Please take into account to take proactive measures as follows.
1. Check out if there was any change on /usr/bin/who as there is already a known issue caused by the return wrong value as a result of inappropriate who binary operating.
2. Please collate the system performance measurement data at that time with issue.
3. Also please get system engineer and storage engineer involved in this incident to check out their embedded logs.
4. Tune the monitoring timeout of CVMVolDg.
[ What to take preventive measure on CVMVolDg ]
1. Increasing the MonitorInterval/Timeout
[ Current values by default]
#hares display all |grep CVMVolDg
-------------------------------------------------------------------------------
hatype_display:CVMVolDg FaultOnMonitorTimeouts 4 << This is already set up with four times. This can be also tunable up to 6 times.
..
hatype_display:CVMVolDg MonitorInterval 60 << This can be tunable up to 60~300
..
hatype_display:CVMVolDg MonitorTimeout 60 << This can be tunable up to 60~180
..
hatype_display:CVMVolDg RestartLimit 0 << This can be tunable up to 1
-------------------------------------------------------------------------------
For example, you can check out the current parameter of CVMVolDg by using the command line;
#hares display all |grep CVMVolDg
And to modify thise tunable value properly, please see the below.
#haconf -makerw
#hatype -modify CVMVolDg MonitorInterval 90
#hatype -modify CVMVolDg MonitorTimeout 75
#hatype -modify CVMVolDg FaultOnMonitorTimeout 6
# hatype -modify CVMVolDg RestartLimit 1
#haconf -dump
#haconf -makero
[ NOTE] Please be aware of the following:
* The MonitorInterval needs to be greater or equal to the MonitorTimeout.
* The FaultOnMonitorTimeout is the number of timeouts before a fault is declared. Zero disables it.
* Tuning the valuable parameter for CVMVolDg is falling back on the system load and its performance in efforts to monitor resources enrolled in VCS.

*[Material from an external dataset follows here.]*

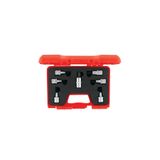 İzeltaş IZELTAS 1/2 Lokmalı Allen Uç Takımı 60 mm 7 Parça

Hence, it is required to ensure the customer keeps paying attention on these factors by gathering performance throughput for some time for the sake of decision making on it before changing this default value to any parameter available because as long as the reflection time of CVMVolDg detecting any problem with its resources is delayed, subsequently VCS may take a sluggish measure on those defected factors.
2. Enable debug for CVMVolDG type resource to collect additional debug info.
In order to get more debug information as to why the CVMVolDg resources are timing out, It is recommended to turn on debug mode for the agent. This will be also the good suggestion for the customer to be aware of in efforts to verify how it happens.
To do this, you will need to edit the cvmvoldg.lib, and un comment one line.
from this:
# Un comment the following to start debugging
# DEBUG="DEBUG"
to this:
# Un comment the following to start debugging
DEBUG="DEBUG"
It is not necessary to restart the agent since this lib file is read every time the monitor is ran.
By doing this, the agent will place more information in the engine log, which may give a better idea as to why the resources are timing out.